Despite reports that homosexuality could be punishable by death in Uganda as early as May and amidst widespread reports of violence, the British Home Office is still trying to remove lesbian and gay Ugandans on the presumption they will not be persecuted.
Uganda born student, Brenda Namigadde, 29, was among those who took part in a demonstration outside the Uganda High commission in Trafalgar Square, Central London in 2009, when the Ugandan government introduced the Anti-Homosexuality Bill in parliament.
Now she's in Heathrow immigration detention centre and completely terrified.
“They already know who I am, because photos were taken of me and my colleagues that day. The Ugandan government has names of most of them as they have been published in several newspapers in the country.”Namigadde, who was in a relationship with Canadian born Janet Hoffman, for almost three years while in Uganda, said that a number of lesbian friends of her in that country "have not been heard of since news of what the government had in mind broke out."
“It is like they have all vanished in thin air, I don't know what is going to happen to me once there,” said Namigadde before she broke into tears.
She was due to be deported 20 January, but that was only stopped after a mix-up with someone else name being submitted to the airline.
Her lawyer, of Cardinal Solicitors in Luton, said:
“Her life could be in danger because very little is known about this law in Uganda. There are reports of mob justice in certain areas in that country."Another gay Ugandan, Garrick Nyeswa, has been desperately fighting to stay in this country. The rejection letter he received from the Home Office included the statement that “there is no evidence to confirm that homosexuals are persecuted in Uganda”
Current Foreign Office travel advice for Uganda is that "homosexuality is illegal and social tolerance of it is low."
The UK Border Agency was reported in April to be moving to block any visa application by the author of the Anti-Homosexuality bill, David Bahati MP.
Last week Bahati told LezGetReal that Uganda “does not not consider homosexuality as a human right” and that it will do everything it can to enforce criminal sanctions against those who “practice homosexuality.”
Earlier last year, then Minister of State for Africa and the United Nations, Baroness Kinnock, delivered Britain's condemnation of the bill in Kampala.

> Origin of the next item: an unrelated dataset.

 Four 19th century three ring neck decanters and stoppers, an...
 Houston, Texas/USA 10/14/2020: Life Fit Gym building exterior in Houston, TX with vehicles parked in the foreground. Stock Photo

And in November, the Foreign Office released a statement to pinknews.co.uk saying:
“The UK, alongside our EU partners, has raised our concerns about the draft bill and LGBT rights more broadly with the government of Uganda, including with the prime minister and several other ministers, the Ugandan Human Rights Commission, and senior officials from the Ugandan Ministry of Foreign Affairs."
“We will continue to track the passage of the bill and to lobby against its introduction.”